Example data, as Tyler said, is important. I interpreted your question differently because I thought your data was different. I didn't take the - as a literal subtraction of numerics, but a combination of variables.
DF <- expand.grid(market = LETTERS[1:5],
date = Sys.Date()+(0:5),
sitename = letters[1:2])
n <- nrow(DF)
DF$impression <- sample(100, n, replace=TRUE)
DF$clicks <- sample(100, n, replace=TRUE)

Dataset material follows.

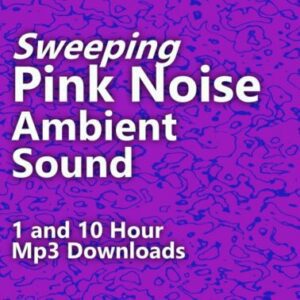 Sweeping Pink Noise 1 & 10 Hour Downloads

I find the reshape2 package useful for these sort of transpositions/transformations/rearrangements.
library("reshape2")
dcast(melt(DF, id.vars=c("market","date","sitename")),
market+date~sitename+variable)
gives
market date a_impression a_clicks b_impression b_clicks
1 A 2012-02-28 74 97 11 71
2 A 2012-02-29 34 30 88 35
3 A 2012-03-01 40 85 40 49
4 A 2012-03-02 46 12 99 20
5 A 2012-03-03 6 95 85 56
6 A 2012-03-04 61 61 42 64
7 B 2012-02-28 4 53 74 9
8 B 2012-02-29 43 27 92 59
9 B 2012-03-01 34 26 86 43
10 B 2012-03-02 81 47 84 35
11 B 2012-03-03 3 5 91 48
12 B 2012-03-04 19 26 99 21
13 C 2012-02-28 22 31 100 53
14 C 2012-02-29 40 83 95 27
15 C 2012-03-01 78 89 81 29
16 C 2012-03-02 57 55 79 87
17 C 2012-03-03 37 61 3 97
18 C 2012-03-04 83 61 41 77
19 D 2012-02-28 81 18 47 3
20 D 2012-02-29 90 100 17 83
21 D 2012-03-01 12 40 35 93
22 D 2012-03-02 85 14 63 67
23 D 2012-03-03 63 53 29 58
24 D 2012-03-04 40 79 56 70
25 E 2012-02-28 97 62 68 31
26 E 2012-02-29 24 84 17 63
27 E 2012-03-01 94 93 32 2
28 E 2012-03-02 6 26 86 26
29 E 2012-03-03 100 34 37 80
30 E 2012-03-04 89 87 72 11
The column names have a _ between them rather than a -, but you can change that if you want. I wouldn't recommend it, though, because then you will have problems later referencing the column since the - will be taken as subtraction (you would need to quote the name).